WHAT TO PRODUCE
Here is the task for the records below: repeat exactly the lines from the one with "Assorted plush keychains" to the one with "Kitchen featuring stainless", both included, and nothing else.

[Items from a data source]
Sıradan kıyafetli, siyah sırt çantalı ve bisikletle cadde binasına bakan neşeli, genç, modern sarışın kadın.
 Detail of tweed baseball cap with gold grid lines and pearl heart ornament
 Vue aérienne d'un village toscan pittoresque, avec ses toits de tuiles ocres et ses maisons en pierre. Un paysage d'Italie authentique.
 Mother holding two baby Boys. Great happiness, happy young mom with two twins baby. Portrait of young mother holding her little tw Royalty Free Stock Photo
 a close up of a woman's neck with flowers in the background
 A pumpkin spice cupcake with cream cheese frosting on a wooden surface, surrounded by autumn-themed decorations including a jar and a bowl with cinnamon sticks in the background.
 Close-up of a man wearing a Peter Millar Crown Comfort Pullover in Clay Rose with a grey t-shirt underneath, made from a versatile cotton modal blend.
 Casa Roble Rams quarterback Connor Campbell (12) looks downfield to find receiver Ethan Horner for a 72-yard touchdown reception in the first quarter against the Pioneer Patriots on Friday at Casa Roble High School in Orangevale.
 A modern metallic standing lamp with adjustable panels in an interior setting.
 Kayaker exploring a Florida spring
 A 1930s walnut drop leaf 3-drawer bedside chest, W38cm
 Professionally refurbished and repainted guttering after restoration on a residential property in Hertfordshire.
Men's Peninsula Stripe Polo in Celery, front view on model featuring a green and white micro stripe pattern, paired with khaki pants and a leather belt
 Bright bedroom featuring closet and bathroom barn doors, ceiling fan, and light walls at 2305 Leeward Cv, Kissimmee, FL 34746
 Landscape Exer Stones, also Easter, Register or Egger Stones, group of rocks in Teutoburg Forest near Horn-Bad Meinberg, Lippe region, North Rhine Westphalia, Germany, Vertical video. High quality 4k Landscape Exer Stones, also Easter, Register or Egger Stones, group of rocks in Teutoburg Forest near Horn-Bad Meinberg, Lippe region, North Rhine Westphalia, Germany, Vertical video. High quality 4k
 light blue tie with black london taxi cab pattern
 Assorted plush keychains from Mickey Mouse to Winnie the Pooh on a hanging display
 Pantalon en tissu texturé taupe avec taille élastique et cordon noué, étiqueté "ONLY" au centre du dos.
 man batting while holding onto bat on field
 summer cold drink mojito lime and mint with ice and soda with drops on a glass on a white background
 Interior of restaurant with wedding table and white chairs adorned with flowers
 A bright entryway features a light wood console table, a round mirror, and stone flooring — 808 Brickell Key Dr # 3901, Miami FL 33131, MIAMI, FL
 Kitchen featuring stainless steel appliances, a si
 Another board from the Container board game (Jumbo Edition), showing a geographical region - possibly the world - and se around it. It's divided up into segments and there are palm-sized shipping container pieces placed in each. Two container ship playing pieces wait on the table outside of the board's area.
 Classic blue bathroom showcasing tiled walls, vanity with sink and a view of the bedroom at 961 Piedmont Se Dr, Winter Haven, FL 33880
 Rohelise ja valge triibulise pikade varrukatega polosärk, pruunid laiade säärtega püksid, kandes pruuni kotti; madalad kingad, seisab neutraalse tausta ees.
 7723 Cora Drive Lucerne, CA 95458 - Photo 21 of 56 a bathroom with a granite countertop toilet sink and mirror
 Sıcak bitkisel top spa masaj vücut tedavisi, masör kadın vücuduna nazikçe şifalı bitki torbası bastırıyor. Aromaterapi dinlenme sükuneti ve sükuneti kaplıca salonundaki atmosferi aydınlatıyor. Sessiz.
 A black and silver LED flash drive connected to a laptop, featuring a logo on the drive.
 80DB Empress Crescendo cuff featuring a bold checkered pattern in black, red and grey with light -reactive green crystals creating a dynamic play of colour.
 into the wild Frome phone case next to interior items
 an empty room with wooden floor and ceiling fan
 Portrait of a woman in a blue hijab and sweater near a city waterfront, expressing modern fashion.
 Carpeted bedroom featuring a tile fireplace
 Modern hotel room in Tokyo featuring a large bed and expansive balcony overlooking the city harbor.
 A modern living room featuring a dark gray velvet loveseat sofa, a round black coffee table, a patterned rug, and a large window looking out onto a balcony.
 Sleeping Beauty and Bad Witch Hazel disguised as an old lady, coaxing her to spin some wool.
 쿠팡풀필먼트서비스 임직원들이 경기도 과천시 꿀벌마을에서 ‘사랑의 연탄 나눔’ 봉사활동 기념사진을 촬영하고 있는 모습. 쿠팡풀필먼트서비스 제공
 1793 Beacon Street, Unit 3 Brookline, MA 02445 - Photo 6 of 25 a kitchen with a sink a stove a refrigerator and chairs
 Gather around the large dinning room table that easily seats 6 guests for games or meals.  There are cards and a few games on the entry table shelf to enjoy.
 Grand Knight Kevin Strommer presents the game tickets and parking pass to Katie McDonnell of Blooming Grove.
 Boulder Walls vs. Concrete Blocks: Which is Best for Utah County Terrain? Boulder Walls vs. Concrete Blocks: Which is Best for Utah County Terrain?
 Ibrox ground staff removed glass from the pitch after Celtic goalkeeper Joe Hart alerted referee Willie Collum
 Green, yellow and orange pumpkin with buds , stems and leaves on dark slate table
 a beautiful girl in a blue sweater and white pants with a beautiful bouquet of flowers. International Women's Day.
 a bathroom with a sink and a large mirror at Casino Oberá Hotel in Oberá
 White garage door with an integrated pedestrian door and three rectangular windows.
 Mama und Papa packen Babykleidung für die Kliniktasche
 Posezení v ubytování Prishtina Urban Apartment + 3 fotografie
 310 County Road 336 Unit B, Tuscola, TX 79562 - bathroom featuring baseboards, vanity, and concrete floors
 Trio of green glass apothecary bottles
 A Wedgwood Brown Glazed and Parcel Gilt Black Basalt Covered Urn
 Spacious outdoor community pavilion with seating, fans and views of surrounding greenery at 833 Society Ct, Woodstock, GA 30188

ANSWER AREA
 Assorted plush keychains from Mickey Mouse to Winnie the Pooh on a hanging display
 Pantalon en tissu texturé taupe avec taille élastique et cordon noué, étiqueté "ONLY" au centre du dos.
 man batting while holding onto bat on field
 summer cold drink mojito lime and mint with ice and soda with drops on a glass on a white background
 Interior of restaurant with wedding table and white chairs adorned with flowers
 A bright entryway features a light wood console table, a round mirror, and stone flooring — 808 Brickell Key Dr # 3901, Miami FL 33131, MIAMI, FL
 Kitchen featuring stainless steel appliances, a si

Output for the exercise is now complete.